確かに施設賠償特約で被害者の経済的損失はカバーできるのでしょうが、被害者が身体的にハンディキャップを負ってそれからの人生を生きていかなくならなくなった、というものまでを補填できるものではありません。

事故を未然に防ぐのが何よりも1番大事です。

ちょっと前にバルコニー調査を行ったマンションで、多くの住戸でバルコニーがぐらつきます。

住民によれば少しの風でグラつき音がしてウルサイ、とのことです。手摺を揺らしてみると前後に1㎝以上動きます。バルコニーがグラつくなんて初めての経験です。

また、手摺本体を取り付けている2本のビスが見当たりません。脱落して下に落ちてしまっています。このような住戸が10数戸あります。驚愕です。

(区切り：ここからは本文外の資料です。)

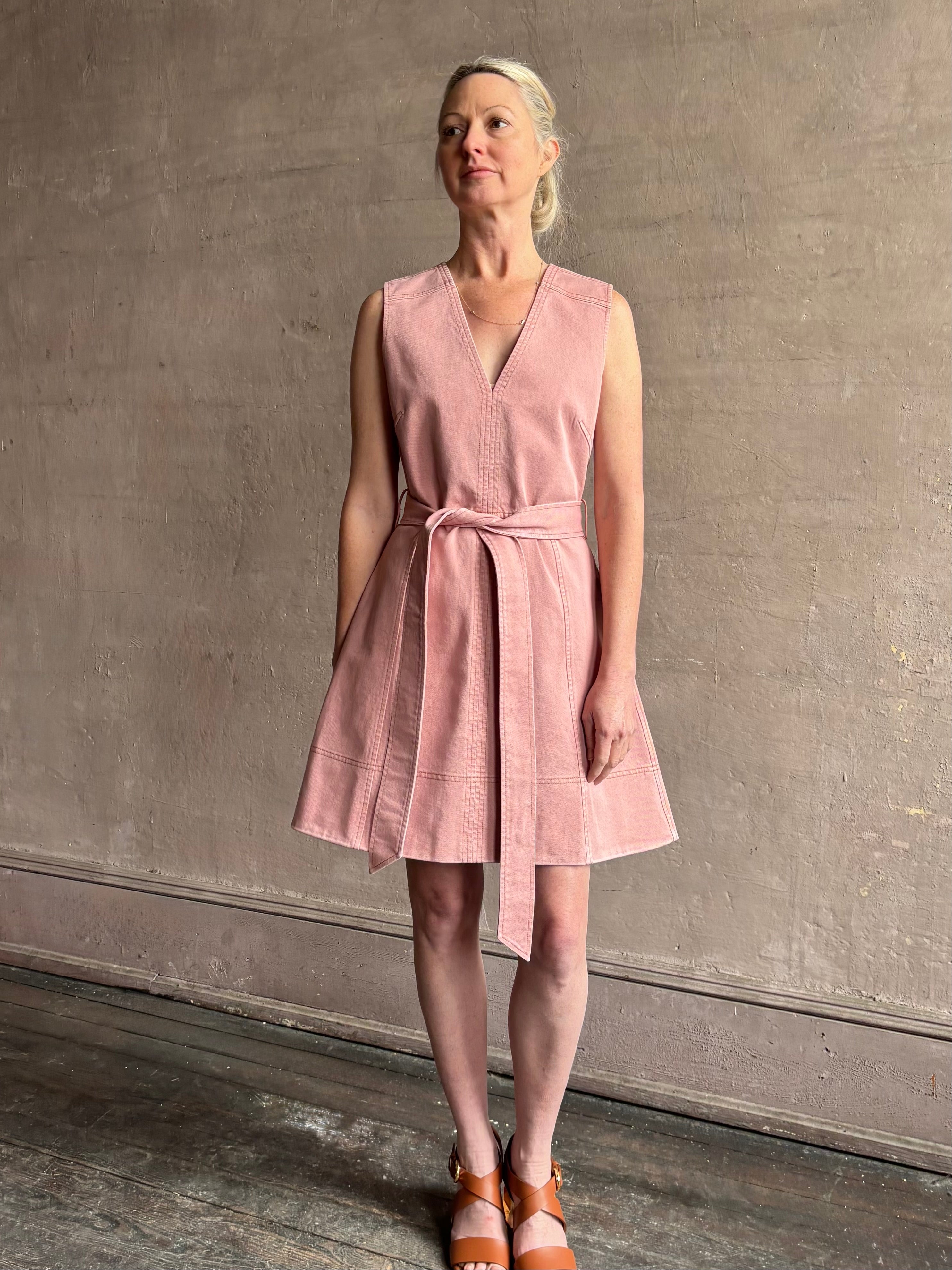 mature woman wearing designer Tanya Taylor Reina elevated casual cotton denim  Dress with v-neck and expert tailoring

このマンションは竣工後まだ10年経過しておらず、それでこの有様です。

“築後3年目くらいでビスが抜け落ちて管理人さんに付け直してもらった”という住民さんもいました。

これは明らかに施工不良であり瑕疵やアフターサービス期間とかとは全く次元の異なるものです。

そもそも落ちたら危険な場所に、経年で緩んで抜け落ちる恐れのあるボルトやビスを用いる感覚が理解できません。

売主、設計士、施工業者、実際に取り付けた職人さんのうち誰一人もオカシイと思わなかったのでしょうか?

たまたま運よく、事故にならなかったものの、もし抜け落ちたビスが通行人に当たりその方がハンディキャップ負うことになっていたら管理組合が責任を負うことになっていたでしょう。

管理組合に何の責任がありますか?施工不良のせいで、第3者に損害を及ぼして、その責任を管理組合が負わなきゃなんないの?

もっとよく考えて施工しなきゃ、です。